Según Johana, que ha acompañado desde el Observatorio de Territorios Étnicos y Campesinos varios procesos de titulación colectiva sobre todo en Montes de María y en el Cesar, usualmente son procesos que pueden demorarse entre 5 y 7 años mientras recorren todas las instancias del Estado por las que tienen que pasar.
“Como en tantos otros, estos son procesos en los que hay desgaste de los liderazgos, también de las organizaciones que acompañan porque se va perdiendo la confianza en el Estado. Hay una inercia en todos esos procedimientos administrativos con los que hay que lidiar. Pero no nos desmotivamos en la medida en que creemos que la ciencia, el trabajo cartográfico y ambiental que hacemos tiene que estar al servicio de la protección de derechos territoriales y ambientales”, asegura Herrera.
Para ella, sin embargo, el Consejo comunitario de Barú es particular porque se ha conformado de gente preparada que, además, ha tenido en cuenta un relevo generacional de gente joven que se ha involucrado en la tarea y que se haría cargo del proceso en caso de durar años.
Para Ruby Valenzuela, si bien es triste ver las dificultades a las que se enfrenta el proceso, aclara que dentro del Consejo se sienten preparados para hacerle frente a un proceso que puede durar mucho más de lo que quisieran.
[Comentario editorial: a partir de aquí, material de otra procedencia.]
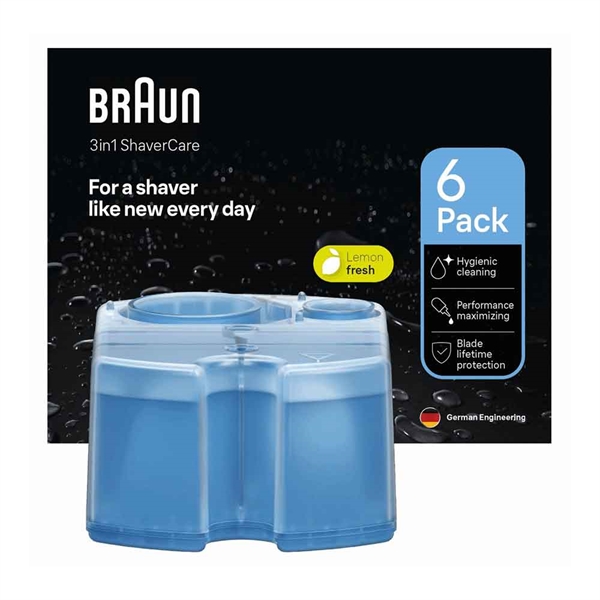 Braun CCR6 Rensepatron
“Uno en la vida tiene que ser realista. Nosotros sabemos que no iba a ser un proceso fácil por los intereses privados y públicos en la zona. Pero estamos preparados para el tiempo que haya que durar en la lucha. Acá todo el mundo se siente orgulloso de sus antepasados, de las 20 familias que ahorraron y compraron la tierra para asegurarla para sus futuras generaciones, eso también nos da motivación para seguir. Sabemos que la lucha apenas empieza y no vamos a decaer, y como nuestro proceso es generacional, si alguno de nosotros hace falta, detrás de nosotros vienen más. Eso es lo que nos puede garantizar que la comunidad de Barú no desaparezca, porque así como va, estamos a punto de desaparecer como comunidad”.